- Task requirements: Please keep to the lines below from the one with "2016 Hyundai Sonata Base" through the one with "Brilagi - Dimbare", and restate them word for word, ends included.

(Crawled caption data)

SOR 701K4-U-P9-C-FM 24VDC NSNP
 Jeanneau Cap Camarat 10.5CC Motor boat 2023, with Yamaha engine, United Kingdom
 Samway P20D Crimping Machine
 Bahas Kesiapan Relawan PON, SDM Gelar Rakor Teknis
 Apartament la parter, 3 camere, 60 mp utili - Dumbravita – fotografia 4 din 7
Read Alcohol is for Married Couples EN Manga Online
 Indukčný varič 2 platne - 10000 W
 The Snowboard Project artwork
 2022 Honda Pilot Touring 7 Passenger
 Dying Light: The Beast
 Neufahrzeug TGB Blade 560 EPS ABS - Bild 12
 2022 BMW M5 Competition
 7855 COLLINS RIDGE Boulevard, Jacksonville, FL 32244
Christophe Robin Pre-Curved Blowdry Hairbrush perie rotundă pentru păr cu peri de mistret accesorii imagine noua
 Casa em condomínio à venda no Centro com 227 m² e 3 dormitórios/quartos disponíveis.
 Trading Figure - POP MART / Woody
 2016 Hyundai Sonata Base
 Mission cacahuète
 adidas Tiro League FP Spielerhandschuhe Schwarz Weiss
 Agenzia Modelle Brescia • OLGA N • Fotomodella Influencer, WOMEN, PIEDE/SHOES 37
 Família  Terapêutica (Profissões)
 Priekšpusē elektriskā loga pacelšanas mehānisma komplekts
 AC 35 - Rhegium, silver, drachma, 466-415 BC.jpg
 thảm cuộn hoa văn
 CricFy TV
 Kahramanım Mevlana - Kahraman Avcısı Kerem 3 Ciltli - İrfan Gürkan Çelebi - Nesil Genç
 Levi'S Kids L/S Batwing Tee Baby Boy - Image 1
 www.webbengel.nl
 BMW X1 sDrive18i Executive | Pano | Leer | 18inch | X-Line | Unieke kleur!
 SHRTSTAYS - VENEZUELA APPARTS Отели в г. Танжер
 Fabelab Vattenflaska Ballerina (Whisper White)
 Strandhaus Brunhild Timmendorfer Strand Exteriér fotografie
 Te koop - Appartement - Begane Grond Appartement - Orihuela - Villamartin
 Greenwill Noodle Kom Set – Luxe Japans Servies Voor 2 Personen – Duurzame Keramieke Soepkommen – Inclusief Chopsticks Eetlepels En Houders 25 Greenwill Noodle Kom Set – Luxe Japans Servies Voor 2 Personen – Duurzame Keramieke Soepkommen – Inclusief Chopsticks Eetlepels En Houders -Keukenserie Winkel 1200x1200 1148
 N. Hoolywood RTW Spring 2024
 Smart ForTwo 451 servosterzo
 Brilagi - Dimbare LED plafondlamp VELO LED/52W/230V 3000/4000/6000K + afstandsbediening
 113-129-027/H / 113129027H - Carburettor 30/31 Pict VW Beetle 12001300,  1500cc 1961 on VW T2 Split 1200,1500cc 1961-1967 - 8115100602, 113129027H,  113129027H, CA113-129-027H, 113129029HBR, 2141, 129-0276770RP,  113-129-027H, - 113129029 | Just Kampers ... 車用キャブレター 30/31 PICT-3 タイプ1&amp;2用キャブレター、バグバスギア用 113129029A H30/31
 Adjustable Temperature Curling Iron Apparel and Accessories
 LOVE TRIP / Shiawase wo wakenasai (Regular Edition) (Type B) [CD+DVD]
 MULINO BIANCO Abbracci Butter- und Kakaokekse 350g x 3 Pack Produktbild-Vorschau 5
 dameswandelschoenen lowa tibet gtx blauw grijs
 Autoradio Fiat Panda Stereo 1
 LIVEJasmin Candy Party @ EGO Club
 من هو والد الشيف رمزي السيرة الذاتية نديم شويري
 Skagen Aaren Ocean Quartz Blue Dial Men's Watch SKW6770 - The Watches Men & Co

- Task answer:
 2016 Hyundai Sonata Base
 Mission cacahuète
 adidas Tiro League FP Spielerhandschuhe Schwarz Weiss
 Agenzia Modelle Brescia • OLGA N • Fotomodella Influencer, WOMEN, PIEDE/SHOES 37
 Família  Terapêutica (Profissões)
 Priekšpusē elektriskā loga pacelšanas mehānisma komplekts
 AC 35 - Rhegium, silver, drachma, 466-415 BC.jpg
 thảm cuộn hoa văn
 CricFy TV
 Kahramanım Mevlana - Kahraman Avcısı Kerem 3 Ciltli - İrfan Gürkan Çelebi - Nesil Genç
 Levi'S Kids L/S Batwing Tee Baby Boy - Image 1
 www.webbengel.nl
 BMW X1 sDrive18i Executive | Pano | Leer | 18inch | X-Line | Unieke kleur!
 SHRTSTAYS - VENEZUELA APPARTS Отели в г. Танжер
 Fabelab Vattenflaska Ballerina (Whisper White)
 Strandhaus Brunhild Timmendorfer Strand Exteriér fotografie
 Te koop - Appartement - Begane Grond Appartement - Orihuela - Villamartin
 Greenwill Noodle Kom Set – Luxe Japans Servies Voor 2 Personen – Duurzame Keramieke Soepkommen – Inclusief Chopsticks Eetlepels En Houders 25 Greenwill Noodle Kom Set – Luxe Japans Servies Voor 2 Personen – Duurzame Keramieke Soepkommen – Inclusief Chopsticks Eetlepels En Houders -Keukenserie Winkel 1200x1200 1148
 N. Hoolywood RTW Spring 2024
 Smart ForTwo 451 servosterzo
 Brilagi - Dimbare LED plafondlamp VELO LED/52W/230V 3000/4000/6000K + afstandsbediening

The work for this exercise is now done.